Further, the graphics generation unit 222 generates data of
graphics information to be superimposed on the view for the
two-dimensional image display, at the time of the 2D service
(including the 2D display mode at the time of the 3D service).
[0162] The graphics buffer 224a temporarily accumulates data of
graphics information to be superimposed on the left view, which is
generated in the graphics generation unit 222 at the time of the 3D
service (except for the 2D display mode). Further, the graphics
buffer 224a temporarily accumulates data of graphics information to
be superimposed on the view for two-dimensional image display,
which is generated in the graphics generation unit 222 at the time
of the 2D service (including the 2D display mode at the time of the
3D service). Further, the graphics buffer 224b temporarily
accumulates data of graphics information to be superimposed on the
right view, which is generated in the graphics generation unit 222
at the time of the 3D service (except for the 2D display mode).

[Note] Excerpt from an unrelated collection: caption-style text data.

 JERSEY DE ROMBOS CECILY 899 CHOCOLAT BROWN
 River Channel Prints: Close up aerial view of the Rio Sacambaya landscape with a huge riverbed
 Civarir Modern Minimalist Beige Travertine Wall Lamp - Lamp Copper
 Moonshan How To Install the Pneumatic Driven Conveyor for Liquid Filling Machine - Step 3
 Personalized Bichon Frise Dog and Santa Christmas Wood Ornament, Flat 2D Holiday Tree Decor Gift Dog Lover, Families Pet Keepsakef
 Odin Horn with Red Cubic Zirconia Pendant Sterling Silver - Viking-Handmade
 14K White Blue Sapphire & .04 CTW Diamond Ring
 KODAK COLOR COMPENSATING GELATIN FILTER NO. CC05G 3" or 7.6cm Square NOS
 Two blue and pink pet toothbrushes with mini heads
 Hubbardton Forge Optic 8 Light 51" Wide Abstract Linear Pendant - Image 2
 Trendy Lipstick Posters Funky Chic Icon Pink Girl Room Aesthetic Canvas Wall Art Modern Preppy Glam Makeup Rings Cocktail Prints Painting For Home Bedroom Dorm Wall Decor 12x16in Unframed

[0163] The scalers 218a and 218b respectively adjust the output
resolutions of the video streams (image data) of respective views
which are output from the view buffers 217a and 217b to a
predetermined resolution. Four-bit field of
"indication_of_picture_size_scaling_horizontal" indicating a
horizontal pixel ratio of a decoded picture and four-bit field of
"indication_of_picture_size_scaling_vertical" indicating a vertical
pixel ratio of a decoded picture are present in the configuration
information described above. The CPU 201 controls a scaling ratio
in the scalers 218a and 218b based on the pixel ratio information,
and obtains a predetermined resolution.
[0164] The video superimposing unit 219a outputs a video stream
(image data) SL for displaying a left view (left image) on which
graphics information is superimposed at the time of the 3D service
(except for the 2D display mode). At this time, the video
superimposing unit 219a superimposes data of graphics information
accumulated in the graphics buffer 224a on the video stream of the
left view which is accumulated in the view buffer 217a and
subjected to a scaling process in the scaler 218a to obtain the
video stream SL.
[0165] Further, the video superimposing unit 219a outputs a video
stream (image data) SV for displaying a view for two-dimensional
image display on which graphics information is superimposed at the
time of the 2D service (including the 2D display mode at the time
of the 3D service). At this time, the video superimposing unit 219a
superimposes data of graphics information accumulated in the
graphics buffer 224a on the video stream of the view for the
two-dimensional image display which is accumulated in the view
buffer 217a and subjected to a scaling process in the scaler 218a
to obtain the video stream SV.
[0166] Further, the video superimposing unit 219a outputs a video
stream (image data) SR for displaying a right view (right image) on
which graphics information is superimposed at the time of the 3D
service (except for the 2D display mode). At this time, the video
superimposing unit 219b superimposes data of graphics information
accumulated in the graphics buffer 224b on the video stream of the
right view which is accumulated in the view buffer 217b and
subjected to a scaling process in the scaler 218b to obtain the
video stream SR.
[0167] The audio decoder 225 performs the reverse process of the
audio encoder 114 (see FIG. 3) of the transmission data generation
unit 110 described above. In other words, the audio decoder 225
performs a decoding process on the encoded voice data included in
the audio elementary stream extracted by the demultiplexer 214 to
obtain the decoded voice data. The channel processing unit 226
generates and outputs voice data SA of each channel to make, for
example, 5.1 ch surround or the like, for the voice data obtained
in the audio decoder 225.
[0168] In addition, if the video stream (image data) of each view
is read from the view buffers 217a and 217b, the reading of data of
graphics information corresponding to each view from the graphics
buffers 224a and 224b is performed based on a timestamp PTS, and
thus transfer synchronism is achieved.
[0169] The operation of the receiver 200 will be described briefly.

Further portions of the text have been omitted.